Winter is approaching fast, the northern border with China will go quite but only for a while. Next year, Chinese do not have any pressing international issues to deal with except if the US decide to heighten tension with North Korea. It will be stupid for US to do that. Otherwise Chinese will have a free hand to deal with little powers like India.
Elsewhere, thanks to inaction by Obama, Chinese have already captured all of South China Sea area as their own. The Americans kept watching but did nothing.
Overconfident Chinese came to do the same on India - China border using Doklam as the test case. Well they met an iron fist. No solution was possible until the head of the Chinese Army who was the roadblock was removed from the office and a day later settlement followed. The Chinese media and the Chinese people were shell-shocked at the turn of the events. The hardliners in the Chinese Communist Party hierarchy who precipitated the crisis have not given up yet. They have the party General Congress conference in October/November where they will outline President Xi's shortcomings and demand his head or much stricter action against a minor power like India. President Xi may relent and give into the demand of punitive action against India. All that will happen, if US - North Korea war of words does not heat up into punitive action by the US. That will put a hold on Chinese plans on India-China border. Otherwise, situation at the LAC will heat up.

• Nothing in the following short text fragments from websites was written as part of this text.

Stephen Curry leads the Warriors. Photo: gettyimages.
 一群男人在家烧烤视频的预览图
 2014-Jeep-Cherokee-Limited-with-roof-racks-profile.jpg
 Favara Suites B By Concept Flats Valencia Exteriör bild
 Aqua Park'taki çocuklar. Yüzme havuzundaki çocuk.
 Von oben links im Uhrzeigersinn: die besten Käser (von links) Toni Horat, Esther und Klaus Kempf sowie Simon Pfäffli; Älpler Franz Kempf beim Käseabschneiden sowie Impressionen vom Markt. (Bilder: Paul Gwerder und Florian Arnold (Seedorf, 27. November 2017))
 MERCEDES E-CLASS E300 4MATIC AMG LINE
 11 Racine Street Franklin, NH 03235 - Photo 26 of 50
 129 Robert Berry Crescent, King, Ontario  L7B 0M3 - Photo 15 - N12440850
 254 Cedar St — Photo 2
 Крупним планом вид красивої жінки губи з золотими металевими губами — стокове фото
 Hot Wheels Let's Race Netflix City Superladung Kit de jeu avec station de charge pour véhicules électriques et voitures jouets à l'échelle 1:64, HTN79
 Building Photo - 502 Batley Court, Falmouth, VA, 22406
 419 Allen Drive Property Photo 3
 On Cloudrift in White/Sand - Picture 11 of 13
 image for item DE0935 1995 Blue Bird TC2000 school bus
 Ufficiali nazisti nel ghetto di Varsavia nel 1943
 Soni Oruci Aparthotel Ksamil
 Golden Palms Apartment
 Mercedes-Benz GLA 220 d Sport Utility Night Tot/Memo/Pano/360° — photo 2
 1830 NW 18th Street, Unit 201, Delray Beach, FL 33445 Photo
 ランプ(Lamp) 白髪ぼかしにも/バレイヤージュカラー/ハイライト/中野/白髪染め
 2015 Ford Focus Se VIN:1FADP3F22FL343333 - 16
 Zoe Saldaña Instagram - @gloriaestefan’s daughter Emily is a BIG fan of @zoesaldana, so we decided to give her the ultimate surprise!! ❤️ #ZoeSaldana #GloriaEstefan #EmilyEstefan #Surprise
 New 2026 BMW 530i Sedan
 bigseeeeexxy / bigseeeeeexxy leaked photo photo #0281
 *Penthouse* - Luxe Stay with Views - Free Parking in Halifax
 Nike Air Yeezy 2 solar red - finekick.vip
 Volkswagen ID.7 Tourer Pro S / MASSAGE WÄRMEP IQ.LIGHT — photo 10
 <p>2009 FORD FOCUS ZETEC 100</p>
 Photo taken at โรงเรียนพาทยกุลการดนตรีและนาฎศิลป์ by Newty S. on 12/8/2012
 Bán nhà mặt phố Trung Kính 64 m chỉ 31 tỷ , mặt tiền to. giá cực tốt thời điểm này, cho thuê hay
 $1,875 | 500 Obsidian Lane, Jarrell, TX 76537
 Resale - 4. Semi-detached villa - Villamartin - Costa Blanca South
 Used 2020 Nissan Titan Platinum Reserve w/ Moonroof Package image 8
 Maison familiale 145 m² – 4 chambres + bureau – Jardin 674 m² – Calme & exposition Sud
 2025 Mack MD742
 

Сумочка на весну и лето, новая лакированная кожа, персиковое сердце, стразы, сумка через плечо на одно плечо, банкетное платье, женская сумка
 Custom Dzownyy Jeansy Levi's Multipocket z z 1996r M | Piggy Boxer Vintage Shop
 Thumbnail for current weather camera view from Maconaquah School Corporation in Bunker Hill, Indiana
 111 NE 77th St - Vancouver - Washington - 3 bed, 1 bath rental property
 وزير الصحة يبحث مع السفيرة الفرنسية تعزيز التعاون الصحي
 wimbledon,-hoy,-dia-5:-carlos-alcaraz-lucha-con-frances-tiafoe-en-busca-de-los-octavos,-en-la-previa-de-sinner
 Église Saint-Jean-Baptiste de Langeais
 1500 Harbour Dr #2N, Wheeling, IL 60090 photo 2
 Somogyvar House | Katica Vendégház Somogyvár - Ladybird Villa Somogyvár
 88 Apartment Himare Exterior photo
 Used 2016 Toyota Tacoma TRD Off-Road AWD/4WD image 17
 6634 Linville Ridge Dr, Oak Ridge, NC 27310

So what are Chinese options:
1. They may try and retake the Doklam plateau again.
2. They may send lorries full of Chinese soldiers to plains near Daulat Beg Oldi to block Indian movement there. That will remove any Indian threat to CPEC being built via Khunjreb Pass to Pakistan.
3. They can simply threaten Indian position at Chusul airstrip.
4. In Arunachal Pradesh they may threaten Tawang one more time and still use the foot paths over minor passes to appear behind Tawang and cut Indian positions off. This they did very well in 1962 as our bumbling military leadership did not know how to react.
Any of the above, Chinese can do it but it all depends upon how India reacts. If India presents an iron fist just as it did at Doklam then Chinese generals will be obliged to escalate it further. They simply do not wish to look for a face saving formula. But there is a problem here, Chinese have insufficient troops and military hardware in Tibet other road network to meet the Indian iron fist which India may present. That 240,000 Chinese garrison in Tibet after internal security requirements, is far too insufficient to meet the Indian iron fist of comparable troop strength organized in 8 mountain divisions and an aggressive corp being readied at Panagarh in West Bengal. In the east Ladakh is well supplied with troops, tanks and artillery.
Now begins the issues to be thought thru by the Chinese leadership in Peking. If they concur to the additional troops strength asked for by the Chinese generals or ignore general's requests but restart the verbal and media war we witnessed this summer over Dokolam. We do not know yet what is up in the Chinese mind. My guess is additional troops to Tibet to intimidate India will be the policy.
Let us assume that Peking doubles the troop strength in Tibet opposite India. First, on a single rail line from China which is partially built over permafrost, it will be hard to support the additional troops. But let us assume that long range supply is maintained somehow, then how will the unacclamtized troops and hardware will behave in -20C and mountain tops which are not in Tibetan plateau but at 12,000 to 20,000 feet and which are not serviced by much talked about Chinese road network. I see a big supply problem. Troops will have to turn back as overconfident Chinese meet the Indians at well acclamatised Indians positions. Moreover attacking ratio in the mountains of 7 to 1 cannot be met. I only see hardship for the attacking Chinese and victory for India.
It has been confirmed by the Indian Airforce chief that Chinese airfields are inadequately developed at seven thousand feet in Tibet. A big problem for them, advantage India. Hence Chinese will not dare to use the Airforce at all.
As for the Navy, there is nothing in Chinese navy which is war ready after travelling four thousand miles to the Indian Ocean. Their numbers are large but mostly untrained paper tigers. Their submarines are not seen diving deep and do not go any farther than thirty miles from their maintenance trawler. These submarines breakdown more often. The aircraft carrier has not seen the deep sea.
So, minor skirmishes is a possibility next year, but Chinese very much worry about their prestige will not initiate a big confrontation. Even a little one is most unlikely to happen as the little ones escalate into big fights.
Chinese have to remember that India is very much different than what they met before.